Benjamin Church was born in 1639 in Plymouth Colony. He was a military leader of the historic predecessor of the United States Army Rangers and captain of the first Ranger force in America. Church was commissioned by Josiah Winslow, the Governor of the Plymouth Colony, to form the first ranger company for King Philip's War. He later commanded the company to raid Acadia during King William's and Queen Anne's wars in the early 1700s.
Early Life
Benjamin Church was born in Plymouth Colony and grew up on the frontier. At an early age, he knew how to hunt, trap, and do what was necessary to survive in Colonial America. He married Alice Southworth in 1667 and resided in Duxbury, Massachusetts, before moving to Bristol and then Little Compton, Rhode Island.
Throughout his life, he learned how to interact with the natives that lived in America. He also learned their battle tactics and began to modify them.
Military Expeditions
King Philip's War: Benjamin Church was the principal military aide to Governor Josiah Winslow of Plymouth Colony. Commissioned by Winslow as a captain on July 24, 1675, he fought during King Philip's War on the New England frontier against the Wampanoag, Nipmuck, and Podunk tribes of Indians. He is best known during this time for commanding a company of Englishmen and Native Americans independently of the governor's direction. Church's men were the first colonial force to be successful in raiding the hostile Indians' camps in forests and swamps. During previous decades, colonists had been on the defense against the Natives, who knew their territory intimately. Relations were generally peaceful until 1675, but tensions had been growing as the colonists and their views of property encroached on Indian territory and hunting grounds.
Church was allowed to recruit Native Americans after he and other leaders realized that traditional European military tactics were ineffective in frontier warfare. He also persuaded many neutral or formerly hostile Indians to surrender and join his unit, where they operated skillfully as irregular troops. Some of these men had converted to Christianity in settlements before the war. They were known as Praying Indians. After being organized by the Church, these troops tracked hostile Indians into the forests and swamps and conducted effective raids and ambushes on their camps.
Great Swamp Fight: Church was wounded in the battle, but his forces fought masterfully. The battle crippled the native forces. After the battle, an Indian ally of his shot and killed Metacomet (King Philip) and brought the war to an end.
King William's War: Church led four New England raiding parties into Acadia (which included most of Maine) against the ethnic French Acadians and hostile Native Americans, including the Abenaki. His raids were very successful in crippling native forces, defending colonists, and rescuing prisoners. His tactics were advanced, and his troops were well-trained in guerilla-style warfare.

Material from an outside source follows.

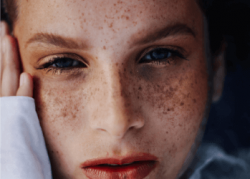 A girl before hyperpigmentation treatment in Inverness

Queen Anne's War: On March 18, 1704, Church was commissioned as a colonel by Massachusetts Governor Joseph Dudley and placed in command of a force to raid French settlements in Acadia in retaliation for the Deerfield Massacre. This expedition included the following actions: the Raid on Castine, Maine, the Raid on St. Stephen, New Brunswick, the Raid on Grand Pre, the Raid on Pisiguit, and the Raid on Chignecto.
Church meticulously planned the expedition. He specified the design of whaleboats to be used in the raids and what kind of hatchets his soldiers were to carry. Church took John Gyles, formerly held as a captive by the Maliseet, as his translator. The church took prisoners and claimed to have left only five houses standing in Acadia. In the Raid of Pisiguit, he took the leader Noel Doiron as a prisoner.
Benjamin Church Tactics
While there is no formal organization of Church's tactics, scholars have pieced together his memoirs and come up with the following:
- Planning each operation in advance, not leaving anything to chance.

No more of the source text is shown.